2. The method of claim 1, further comprising:converting, by the access unit, the in-phase and quadrature frequency domain signals into time domain signals, wherein the digital downlink signals incorporate the time domain signals.
3. The method of claim 1, wherein a predefined beams-to-radio-heads mapping associates identifiers of the circular radio frequency beams to identifiers of the one or more radio heads.
4. The method of claim 3, wherein the predefined beams-to-radio-heads mapping is updated based on a time of day or day of week.
5. The method of claim 1, further comprising:amplifying, by the one or more radio heads, the analog downlink signals.
6. The method of claim 1, wherein beamforming and phase-shifting of downlink signals is omitted.
7. The method of claim 1, wherein routing the digital downlink signals to the one or more radio heads comprises routing each of the digital downlink signals to specific ones of the radio heads based on identifiers of the circular radio frequency beams.
8. The method of claim 1, wherein routing the digital downlink signals to the one or more radio heads comprises routing each of the digital downlink signals to all of the radio heads, and wherein the radio heads filter out some of the digital downlink signals based on identifiers of the circular radio frequency beams.
9. The method of claim 1, wherein providing the analog downlink signals to the antenna ports causes one or more antennas to transmit the analog downlink signals to one or more units of user equipment.
10. The method of claim 9, wherein the one or more antennas are configured to define the circular radio frequency beams.
11. A method comprising:receiving, by one or more radio heads and by way of one or more antennas, uplink analog signals by way of circular radio frequency beams;converting, by the one or more radio heads, the uplink analog signals into digital uplink signals;providing, by the one or more radio heads, the digital uplink signals to an access unit of a radio network;summing, by the access unit, the digital uplink signals from different ones of the radio heads corresponding to common circular radio frequency beams;converting, by the access unit and for each of the common circular radio frequency beams, the digital uplink signals from a time domain to a frequency domain; and providing, by the access unit, frequency domain information for each of the common circular radio frequency beams to a distribution unit of the radio network.

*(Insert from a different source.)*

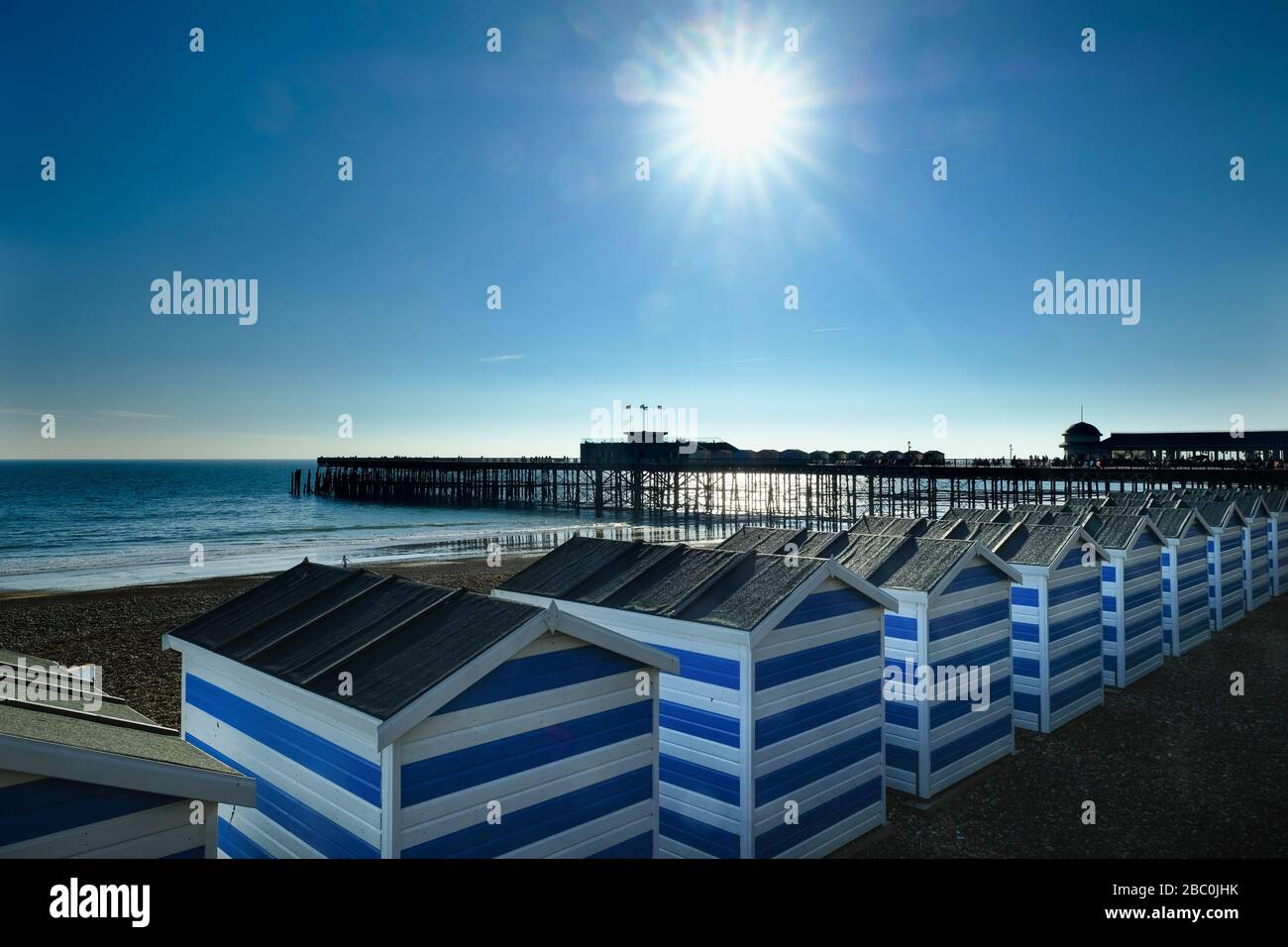 Row of beach huts on the beach next to the pier in Hastings, East Sussex, UK Stock Photo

12. The method of claim 11, further comprising:retrieving, by the distribution unit, predefined beam information for the circular radio frequency beams.
13. The method of claim 11, further comprising:amplifying, by the one or more radio heads, the analog uplink signals.
14. The method of claim 11, wherein providing the frequency domain information comprises providing in-phase and quadrature signals corresponding to the frequency domain information.
15. The method of claim 11, wherein a predefined beams-to-radio-heads mapping associates identifiers of the circular radio frequency beams to identifiers of the one or more radio heads.
16. The method of claim 15, wherein the predefined beams-to-radio-heads mapping is updated based on a time of day or day of week.
17. The method of claim 15, wherein summing the digital uplink signals is based on the predefined beams-to-radio-heads mapping.
18. The method of claim 11, wherein the uplink analog signals are received from one or more units of user equipment.
19. The method of claim 11, wherein the one or more antennas are configured to define the circular radio frequency beams.
20. A system including:one or more radio heads;an access unit communicatively coupled to the one or more radio heads; and a distribution unit communicatively coupled to the access unit, wherein the system is configured to perform the operations of any one or more of claims 1-19.